For the records below, output word for word the lines from the one with "vidaXL stolpebeslag Y-form" up to and including the one with "Обувная коробка 350x275x125 белая, Белый". No pictures.

*** Begin section ***

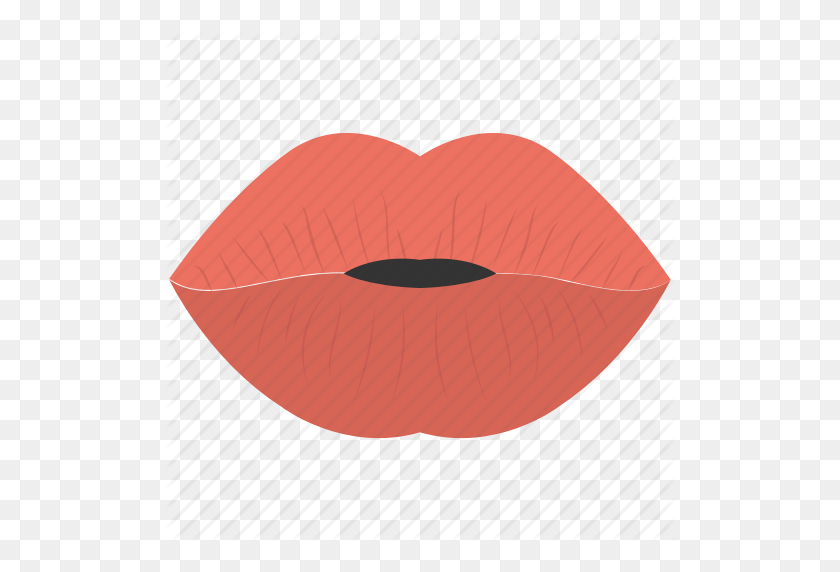 512x512 Beauty Symbol, Lip Makeup, Lips Kiss, Lipstick, Red Lipstick Icon - Lipstick Kiss PNG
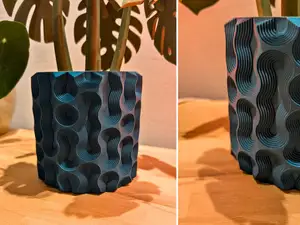 Wallplanter mit abgestuftem Retro Muster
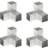 vidaXL stolpebeslag Y-form 4 stk. 81x81 galvaniseret metal 2stk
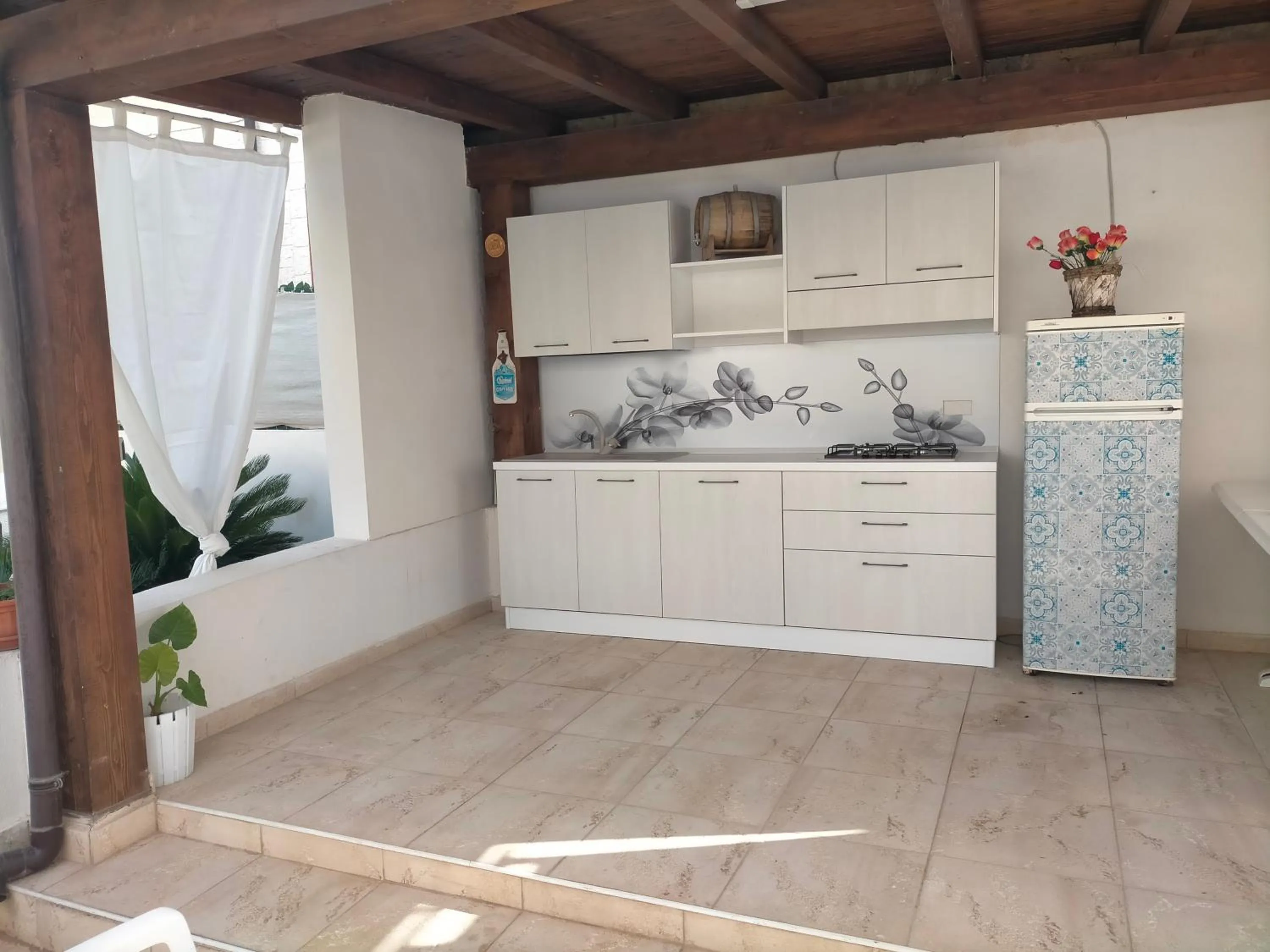 Kitchen or kitchenette in B&b villa Arena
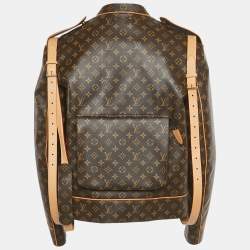 Pre Owned Louis Vuitton Brown Monogram Coated Canva Admiral Jacket L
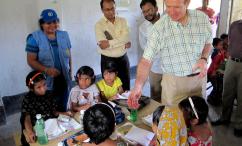 Spanish Ambassador in Bangladesh visits Muslim Aid project in Bhola District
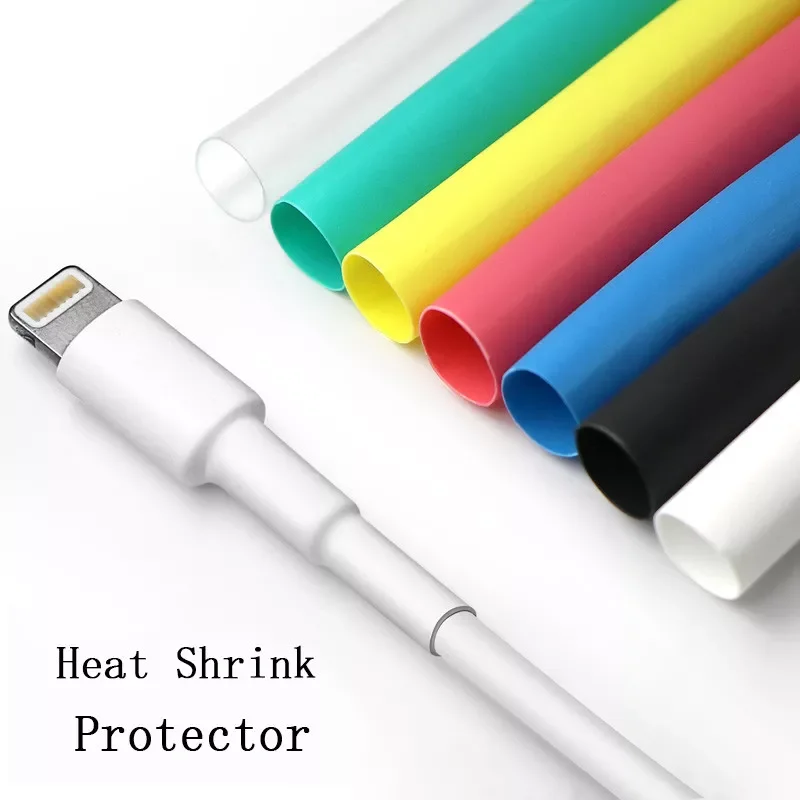 

5 шт., термоусадочные трубки для кабелей iphone, 78 X XR XS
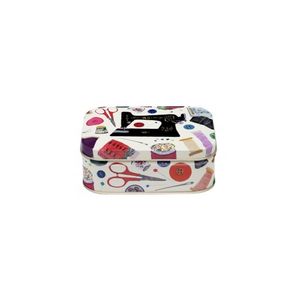 Elite Tins Needle & Thread Small Rectangular Tin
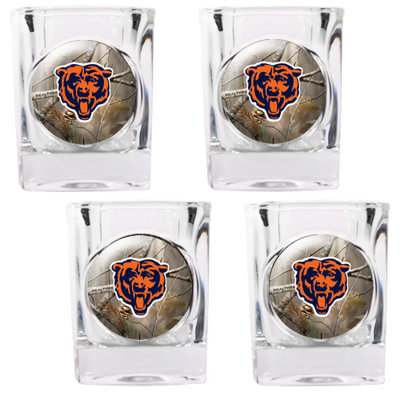 Great American Products NFL Open Field 4 Piece Square Shot Glass Set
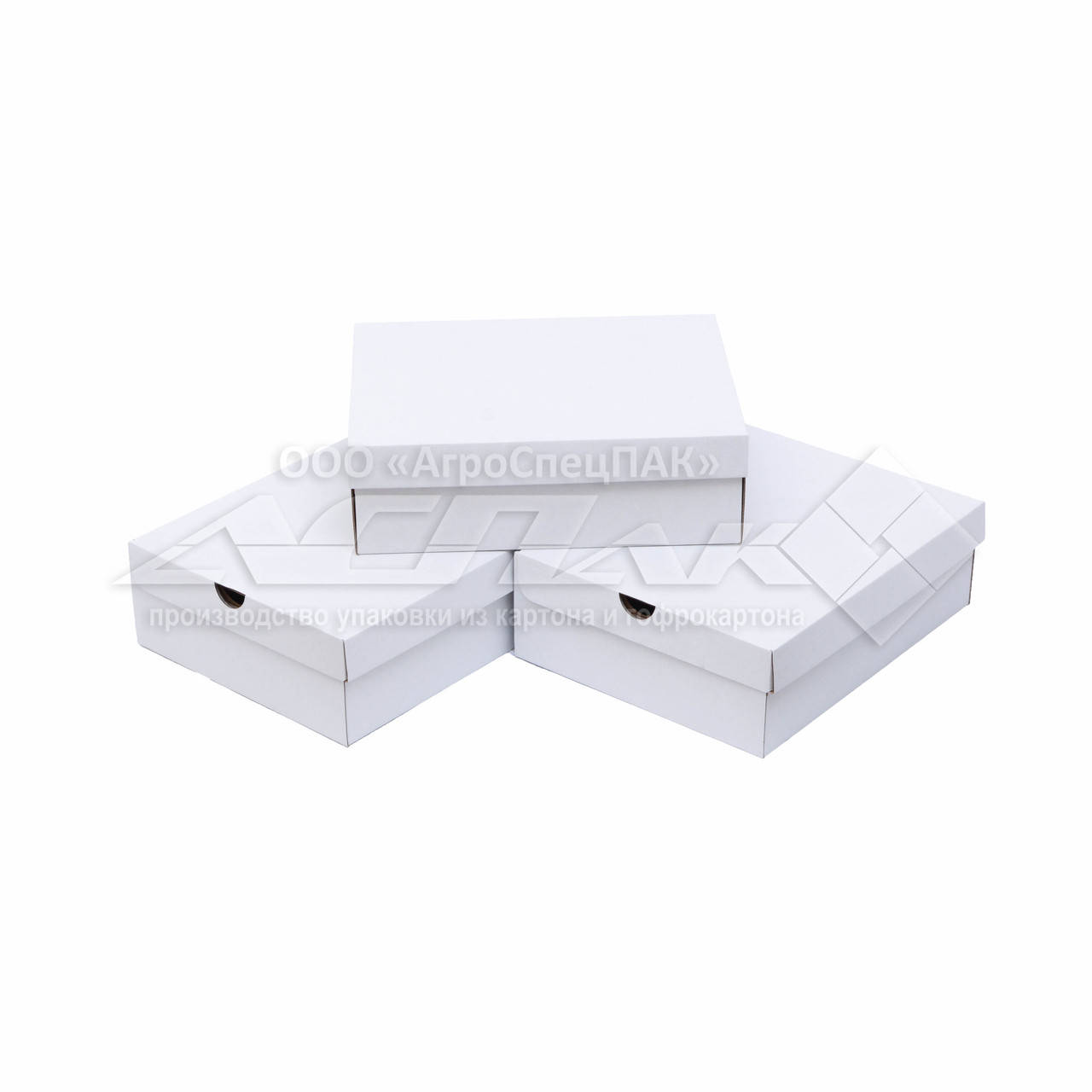 

Обувная коробка 350x275x125 белая, Белый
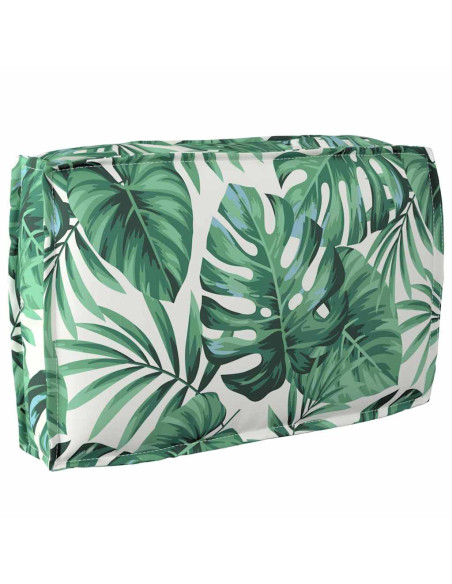 Set di Cuscini per Pallet Floreale 2 pcs Motivo Foglia Verde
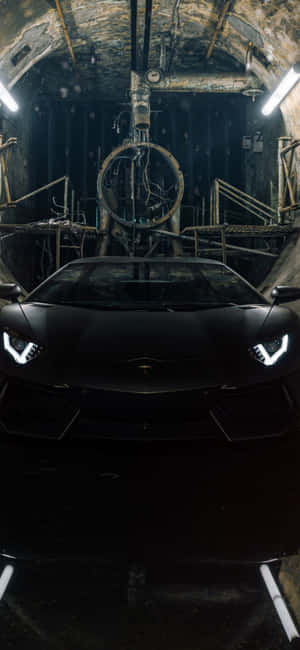 Swart Lamborghini Iphone — Xiaomi 17 Max Muurpapier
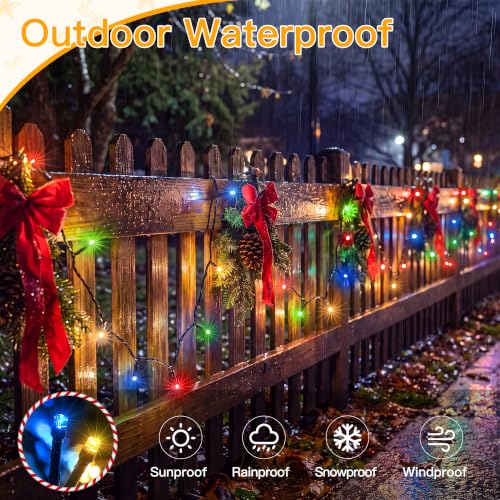 Ollny 100LED 33FT Multicolor Outdoor Christmas String Lights, 8 Modes - image 5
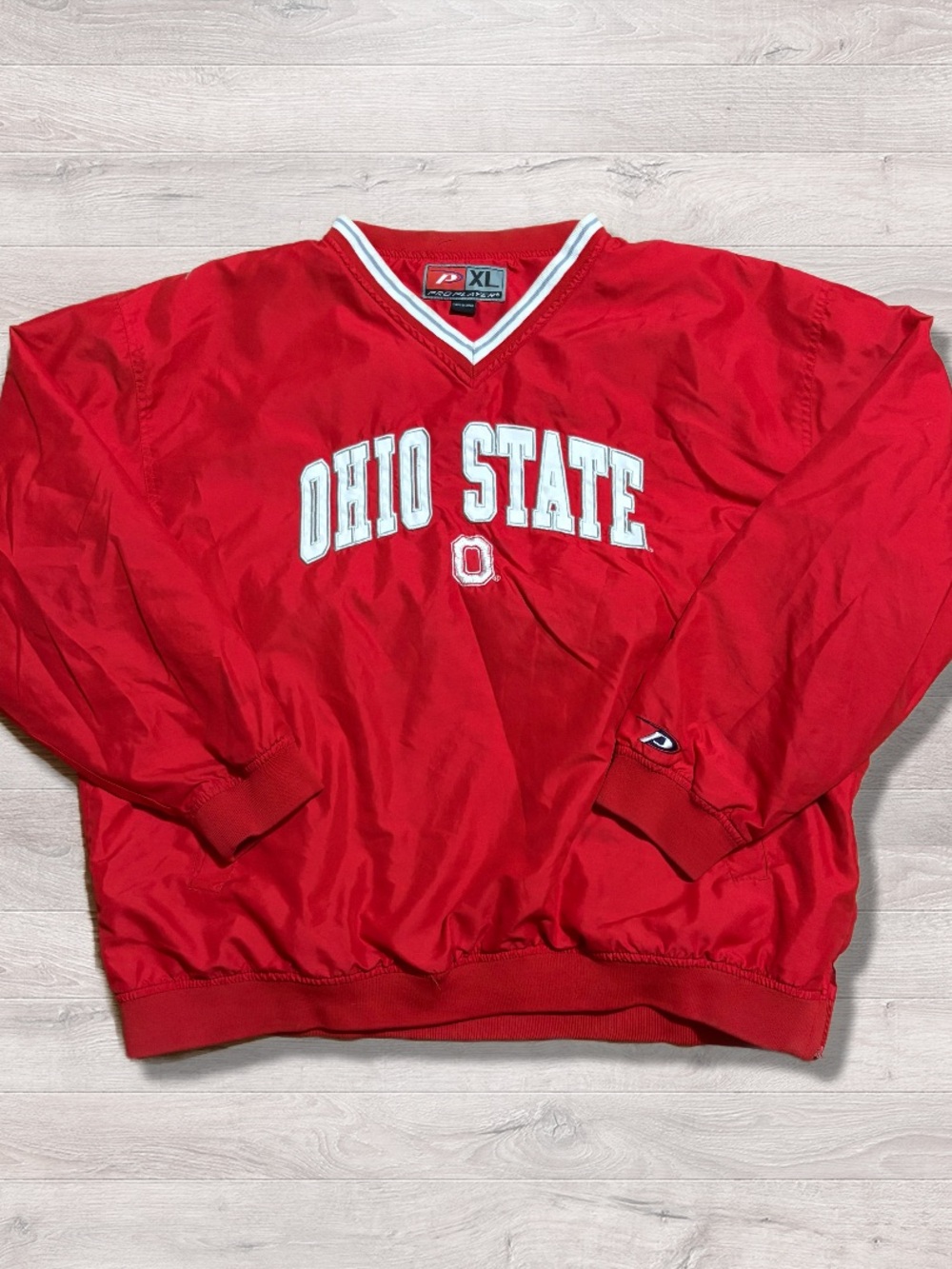 Vintage Ohio State Buckeyes Jacket Mens XL Red College Football Pro Player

*** End section ***

ANSWER SPACE
 vidaXL stolpebeslag Y-form 4 stk. 81x81 galvaniseret metal 2stk
 Kitchen or kitchenette in B&b villa Arena
 Pre Owned Louis Vuitton Brown Monogram Coated Canva Admiral Jacket L
 Spanish Ambassador in Bangladesh visits Muslim Aid project in Bhola District

5 шт., термоусадочные трубки для кабелей iphone, 78 X XR XS
 Elite Tins Needle & Thread Small Rectangular Tin
 Great American Products NFL Open Field 4 Piece Square Shot Glass Set

Обувная коробка 350x275x125 белая, Белый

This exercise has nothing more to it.